Everlast Worldwide Inc. is a leading designer, manufacturer and marketer
of boxing and fitness related sporting goods equipment under the
well-recognized Everlast brand name and a worldwide licensor of the
Everlast brand for apparel, footwear, sporting goods equipment and other
active lifestyle products and accessories. Since 1910, Everlast has been
the preeminent brand in the world of boxing and among the most
recognized brands in the overall sporting goods and apparel industries.
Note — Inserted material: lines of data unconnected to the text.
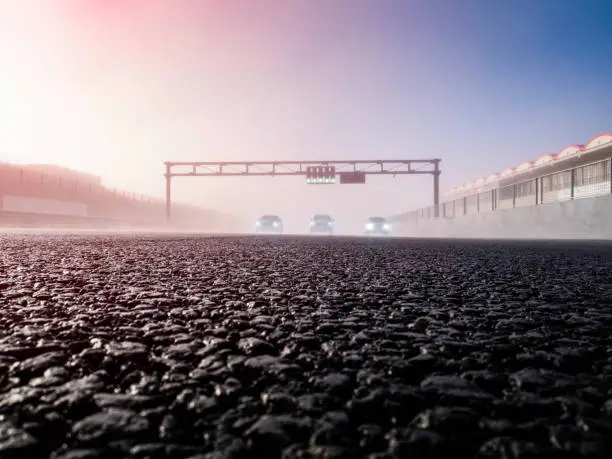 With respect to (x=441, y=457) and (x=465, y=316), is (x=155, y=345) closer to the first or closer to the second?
(x=441, y=457)

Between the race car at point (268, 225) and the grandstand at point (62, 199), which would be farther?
the grandstand at point (62, 199)

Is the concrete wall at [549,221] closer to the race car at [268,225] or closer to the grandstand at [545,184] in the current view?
the grandstand at [545,184]

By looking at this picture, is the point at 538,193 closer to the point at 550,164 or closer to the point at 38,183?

In order to capitalize on the rich heritage and authenticity of the
Everlast brand, the company has extended the Everlast brand outside of
the boxing ring into complementary product categories. Our strategy is
to continue to leverage the unique qualities represented by the Everlast
brand—Strength, Dedication, Individuality and
Authenticity — to become a leading global
athletic brand and a necessary part of the lives of consumers who train,
compete and live an active lifestyle.
Statements made in this Press Release that are estimates of past or
future performance are based on a number of factors, some of which are
outside of the Company's control. Statements made in this Press Release
that state the intentions, beliefs, expectations or predictions of
Everlast Worldwide, Inc. and its management for the future are
forward-looking statements. It is important to note that actual results
could differ materially from those projected in such forward-looking
statements. Information concerning factors that could cause actual
results to differ materially from those in forward-looking statements is
contained from time to time in filings of Everlast Worldwide with the
U.S. Securities and Exchange Commission. Copies of these filings may be
obtained by contacting Everlast Worldwide or the SEC.